- _INSTRUCTIONS TO FOLLOW_:
Give the entries again, exactly as they stand.
(MATERIAL SUPPLIED)
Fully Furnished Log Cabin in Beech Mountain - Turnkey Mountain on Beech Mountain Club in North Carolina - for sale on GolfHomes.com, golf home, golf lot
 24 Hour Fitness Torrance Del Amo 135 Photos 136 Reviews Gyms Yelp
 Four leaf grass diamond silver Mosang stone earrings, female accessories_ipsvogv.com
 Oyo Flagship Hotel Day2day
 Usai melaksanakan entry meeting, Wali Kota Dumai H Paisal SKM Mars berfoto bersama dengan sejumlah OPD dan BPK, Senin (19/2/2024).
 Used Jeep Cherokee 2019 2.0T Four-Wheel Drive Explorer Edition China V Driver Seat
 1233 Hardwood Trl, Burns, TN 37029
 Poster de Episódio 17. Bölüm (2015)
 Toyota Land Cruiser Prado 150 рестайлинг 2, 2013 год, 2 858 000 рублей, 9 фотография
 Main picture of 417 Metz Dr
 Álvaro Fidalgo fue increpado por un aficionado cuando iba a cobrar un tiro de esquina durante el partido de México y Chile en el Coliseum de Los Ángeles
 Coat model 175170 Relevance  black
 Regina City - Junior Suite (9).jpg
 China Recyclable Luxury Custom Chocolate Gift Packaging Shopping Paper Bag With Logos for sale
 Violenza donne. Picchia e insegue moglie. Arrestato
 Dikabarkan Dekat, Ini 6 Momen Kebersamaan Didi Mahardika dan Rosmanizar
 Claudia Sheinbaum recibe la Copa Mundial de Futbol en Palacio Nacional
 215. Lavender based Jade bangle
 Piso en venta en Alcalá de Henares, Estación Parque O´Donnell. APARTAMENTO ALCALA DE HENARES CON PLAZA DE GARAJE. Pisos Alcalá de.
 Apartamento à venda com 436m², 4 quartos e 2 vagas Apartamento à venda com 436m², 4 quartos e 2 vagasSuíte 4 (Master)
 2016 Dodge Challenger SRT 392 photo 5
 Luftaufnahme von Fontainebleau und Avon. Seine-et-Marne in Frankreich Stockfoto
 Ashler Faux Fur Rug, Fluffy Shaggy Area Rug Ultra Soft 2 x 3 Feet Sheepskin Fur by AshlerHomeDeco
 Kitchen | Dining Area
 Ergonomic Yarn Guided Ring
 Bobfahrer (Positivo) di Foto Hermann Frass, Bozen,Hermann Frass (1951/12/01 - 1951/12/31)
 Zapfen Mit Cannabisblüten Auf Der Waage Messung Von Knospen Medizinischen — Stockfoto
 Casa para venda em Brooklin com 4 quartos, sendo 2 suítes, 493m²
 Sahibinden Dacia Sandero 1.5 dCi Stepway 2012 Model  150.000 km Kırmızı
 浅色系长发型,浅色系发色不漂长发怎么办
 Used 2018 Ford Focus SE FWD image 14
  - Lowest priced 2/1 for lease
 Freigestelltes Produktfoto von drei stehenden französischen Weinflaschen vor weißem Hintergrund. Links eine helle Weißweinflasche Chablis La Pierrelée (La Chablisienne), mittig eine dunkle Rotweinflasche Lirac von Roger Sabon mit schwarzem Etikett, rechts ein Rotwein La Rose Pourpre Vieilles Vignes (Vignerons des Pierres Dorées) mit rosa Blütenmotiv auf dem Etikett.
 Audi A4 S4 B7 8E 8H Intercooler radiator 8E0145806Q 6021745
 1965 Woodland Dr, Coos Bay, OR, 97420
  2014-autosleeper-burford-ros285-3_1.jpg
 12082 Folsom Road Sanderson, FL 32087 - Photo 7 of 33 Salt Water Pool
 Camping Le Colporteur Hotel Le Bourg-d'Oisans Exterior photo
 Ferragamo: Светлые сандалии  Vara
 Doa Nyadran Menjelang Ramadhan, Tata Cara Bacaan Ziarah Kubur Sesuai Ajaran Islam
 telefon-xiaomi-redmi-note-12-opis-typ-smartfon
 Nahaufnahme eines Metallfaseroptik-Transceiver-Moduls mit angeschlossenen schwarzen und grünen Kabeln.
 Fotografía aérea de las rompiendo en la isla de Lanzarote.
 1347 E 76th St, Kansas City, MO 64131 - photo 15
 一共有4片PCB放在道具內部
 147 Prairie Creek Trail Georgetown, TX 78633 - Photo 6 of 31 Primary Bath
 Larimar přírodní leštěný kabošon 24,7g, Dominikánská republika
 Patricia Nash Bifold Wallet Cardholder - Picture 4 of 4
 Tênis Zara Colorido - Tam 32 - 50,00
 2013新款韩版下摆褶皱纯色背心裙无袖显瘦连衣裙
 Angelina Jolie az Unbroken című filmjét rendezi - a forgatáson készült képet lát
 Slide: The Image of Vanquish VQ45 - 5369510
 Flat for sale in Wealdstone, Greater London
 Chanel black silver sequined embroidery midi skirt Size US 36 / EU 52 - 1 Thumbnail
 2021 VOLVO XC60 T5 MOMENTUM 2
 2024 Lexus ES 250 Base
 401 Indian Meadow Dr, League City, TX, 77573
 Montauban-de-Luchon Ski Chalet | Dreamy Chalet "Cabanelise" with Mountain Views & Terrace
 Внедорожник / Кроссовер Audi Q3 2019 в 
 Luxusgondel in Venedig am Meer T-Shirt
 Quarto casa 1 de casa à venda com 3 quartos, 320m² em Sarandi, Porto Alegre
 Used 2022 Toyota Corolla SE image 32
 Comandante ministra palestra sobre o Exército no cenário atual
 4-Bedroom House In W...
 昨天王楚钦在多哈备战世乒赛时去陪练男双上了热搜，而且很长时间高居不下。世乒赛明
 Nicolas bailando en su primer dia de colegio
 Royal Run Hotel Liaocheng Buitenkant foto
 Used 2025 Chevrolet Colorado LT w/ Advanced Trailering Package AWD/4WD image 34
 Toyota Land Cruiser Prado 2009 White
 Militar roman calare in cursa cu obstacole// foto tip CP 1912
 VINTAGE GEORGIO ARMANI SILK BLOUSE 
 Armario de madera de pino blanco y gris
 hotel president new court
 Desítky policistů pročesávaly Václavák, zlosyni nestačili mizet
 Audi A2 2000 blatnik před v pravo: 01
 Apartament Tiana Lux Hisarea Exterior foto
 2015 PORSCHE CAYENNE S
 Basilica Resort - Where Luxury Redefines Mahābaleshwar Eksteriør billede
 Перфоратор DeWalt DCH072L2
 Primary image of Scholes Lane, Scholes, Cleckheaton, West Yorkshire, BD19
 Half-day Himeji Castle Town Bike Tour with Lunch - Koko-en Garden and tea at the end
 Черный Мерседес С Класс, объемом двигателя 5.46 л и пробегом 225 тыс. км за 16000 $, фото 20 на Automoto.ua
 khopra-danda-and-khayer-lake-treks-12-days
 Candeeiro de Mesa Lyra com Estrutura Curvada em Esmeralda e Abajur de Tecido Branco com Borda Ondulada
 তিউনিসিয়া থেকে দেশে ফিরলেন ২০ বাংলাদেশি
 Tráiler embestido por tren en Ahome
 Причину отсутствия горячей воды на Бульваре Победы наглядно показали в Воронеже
(End MATERIAL SUPPLIED)
- _EXERCISE RESULT_:
Fully Furnished Log Cabin in Beech Mountain - Turnkey Mountain on Beech Mountain Club in North Carolina - for sale on GolfHomes.com, golf home, golf lot
 24 Hour Fitness Torrance Del Amo 135 Photos 136 Reviews Gyms Yelp
 Four leaf grass diamond silver Mosang stone earrings, female accessories_ipsvogv.com
 Oyo Flagship Hotel Day2day
 Usai melaksanakan entry meeting, Wali Kota Dumai H Paisal SKM Mars berfoto bersama dengan sejumlah OPD dan BPK, Senin (19/2/2024).
 Used Jeep Cherokee 2019 2.0T Four-Wheel Drive Explorer Edition China V Driver Seat
 1233 Hardwood Trl, Burns, TN 37029
 Poster de Episódio 17. Bölüm (2015)
 Toyota Land Cruiser Prado 150 рестайлинг 2, 2013 год, 2 858 000 рублей, 9 фотография
 Main picture of 417 Metz Dr
 Álvaro Fidalgo fue increpado por un aficionado cuando iba a cobrar un tiro de esquina durante el partido de México y Chile en el Coliseum de Los Ángeles
 Coat model 175170 Relevance  black
 Regina City - Junior Suite (9).jpg
 China Recyclable Luxury Custom Chocolate Gift Packaging Shopping Paper Bag With Logos for sale
 Violenza donne. Picchia e insegue moglie. Arrestato
 Dikabarkan Dekat, Ini 6 Momen Kebersamaan Didi Mahardika dan Rosmanizar
 Claudia Sheinbaum recibe la Copa Mundial de Futbol en Palacio Nacional
 215. Lavender based Jade bangle
 Piso en venta en Alcalá de Henares, Estación Parque O´Donnell. APARTAMENTO ALCALA DE HENARES CON PLAZA DE GARAJE. Pisos Alcalá de.
 Apartamento à venda com 436m², 4 quartos e 2 vagas Apartamento à venda com 436m², 4 quartos e 2 vagasSuíte 4 (Master)
 2016 Dodge Challenger SRT 392 photo 5
 Luftaufnahme von Fontainebleau und Avon. Seine-et-Marne in Frankreich Stockfoto
 Ashler Faux Fur Rug, Fluffy Shaggy Area Rug Ultra Soft 2 x 3 Feet Sheepskin Fur by AshlerHomeDeco
 Kitchen | Dining Area
 Ergonomic Yarn Guided Ring
 Bobfahrer (Positivo) di Foto Hermann Frass, Bozen,Hermann Frass (1951/12/01 - 1951/12/31)
 Zapfen Mit Cannabisblüten Auf Der Waage Messung Von Knospen Medizinischen — Stockfoto
 Casa para venda em Brooklin com 4 quartos, sendo 2 suítes, 493m²
 Sahibinden Dacia Sandero 1.5 dCi Stepway 2012 Model  150.000 km Kırmızı
 浅色系长发型,浅色系发色不漂长发怎么办
 Used 2018 Ford Focus SE FWD image 14
  - Lowest priced 2/1 for lease
 Freigestelltes Produktfoto von drei stehenden französischen Weinflaschen vor weißem Hintergrund. Links eine helle Weißweinflasche Chablis La Pierrelée (La Chablisienne), mittig eine dunkle Rotweinflasche Lirac von Roger Sabon mit schwarzem Etikett, rechts ein Rotwein La Rose Pourpre Vieilles Vignes (Vignerons des Pierres Dorées) mit rosa Blütenmotiv auf dem Etikett.
 Audi A4 S4 B7 8E 8H Intercooler radiator 8E0145806Q 6021745
 1965 Woodland Dr, Coos Bay, OR, 97420
  2014-autosleeper-burford-ros285-3_1.jpg
 12082 Folsom Road Sanderson, FL 32087 - Photo 7 of 33 Salt Water Pool
 Camping Le Colporteur Hotel Le Bourg-d'Oisans Exterior photo
 Ferragamo: Светлые сандалии  Vara
 Doa Nyadran Menjelang Ramadhan, Tata Cara Bacaan Ziarah Kubur Sesuai Ajaran Islam
 telefon-xiaomi-redmi-note-12-opis-typ-smartfon
 Nahaufnahme eines Metallfaseroptik-Transceiver-Moduls mit angeschlossenen schwarzen und grünen Kabeln.
 Fotografía aérea de las rompiendo en la isla de Lanzarote.
 1347 E 76th St, Kansas City, MO 64131 - photo 15
 一共有4片PCB放在道具內部
 147 Prairie Creek Trail Georgetown, TX 78633 - Photo 6 of 31 Primary Bath
 Larimar přírodní leštěný kabošon 24,7g, Dominikánská republika
 Patricia Nash Bifold Wallet Cardholder - Picture 4 of 4
 Tênis Zara Colorido - Tam 32 - 50,00
 2013新款韩版下摆褶皱纯色背心裙无袖显瘦连衣裙
 Angelina Jolie az Unbroken című filmjét rendezi - a forgatáson készült képet lát
 Slide: The Image of Vanquish VQ45 - 5369510
 Flat for sale in Wealdstone, Greater London
 Chanel black silver sequined embroidery midi skirt Size US 36 / EU 52 - 1 Thumbnail
 2021 VOLVO XC60 T5 MOMENTUM 2
 2024 Lexus ES 250 Base
 401 Indian Meadow Dr, League City, TX, 77573
 Montauban-de-Luchon Ski Chalet | Dreamy Chalet "Cabanelise" with Mountain Views & Terrace
 Внедорожник / Кроссовер Audi Q3 2019 в 
 Luxusgondel in Venedig am Meer T-Shirt
 Quarto casa 1 de casa à venda com 3 quartos, 320m² em Sarandi, Porto Alegre
 Used 2022 Toyota Corolla SE image 32
 Comandante ministra palestra sobre o Exército no cenário atual
 4-Bedroom House In W...
 昨天王楚钦在多哈备战世乒赛时去陪练男双上了热搜，而且很长时间高居不下。世乒赛明
 Nicolas bailando en su primer dia de colegio
 Royal Run Hotel Liaocheng Buitenkant foto
 Used 2025 Chevrolet Colorado LT w/ Advanced Trailering Package AWD/4WD image 34
 Toyota Land Cruiser Prado 2009 White
 Militar roman calare in cursa cu obstacole// foto tip CP 1912
 VINTAGE GEORGIO ARMANI SILK BLOUSE 
 Armario de madera de pino blanco y gris
 hotel president new court
 Desítky policistů pročesávaly Václavák, zlosyni nestačili mizet
 Audi A2 2000 blatnik před v pravo: 01
 Apartament Tiana Lux Hisarea Exterior foto
 2015 PORSCHE CAYENNE S
 Basilica Resort - Where Luxury Redefines Mahābaleshwar Eksteriør billede
 Перфоратор DeWalt DCH072L2
 Primary image of Scholes Lane, Scholes, Cleckheaton, West Yorkshire, BD19
 Half-day Himeji Castle Town Bike Tour with Lunch - Koko-en Garden and tea at the end
 Черный Мерседес С Класс, объемом двигателя 5.46 л и пробегом 225 тыс. км за 16000 $, фото 20 на Automoto.ua
 khopra-danda-and-khayer-lake-treks-12-days
 Candeeiro de Mesa Lyra com Estrutura Curvada em Esmeralda e Abajur de Tecido Branco com Borda Ondulada
 তিউনিসিয়া থেকে দেশে ফিরলেন ২০ বাংলাদেশি
 Tráiler embestido por tren en Ahome
 Причину отсутствия горячей воды на Бульваре Победы наглядно показали в Воронеже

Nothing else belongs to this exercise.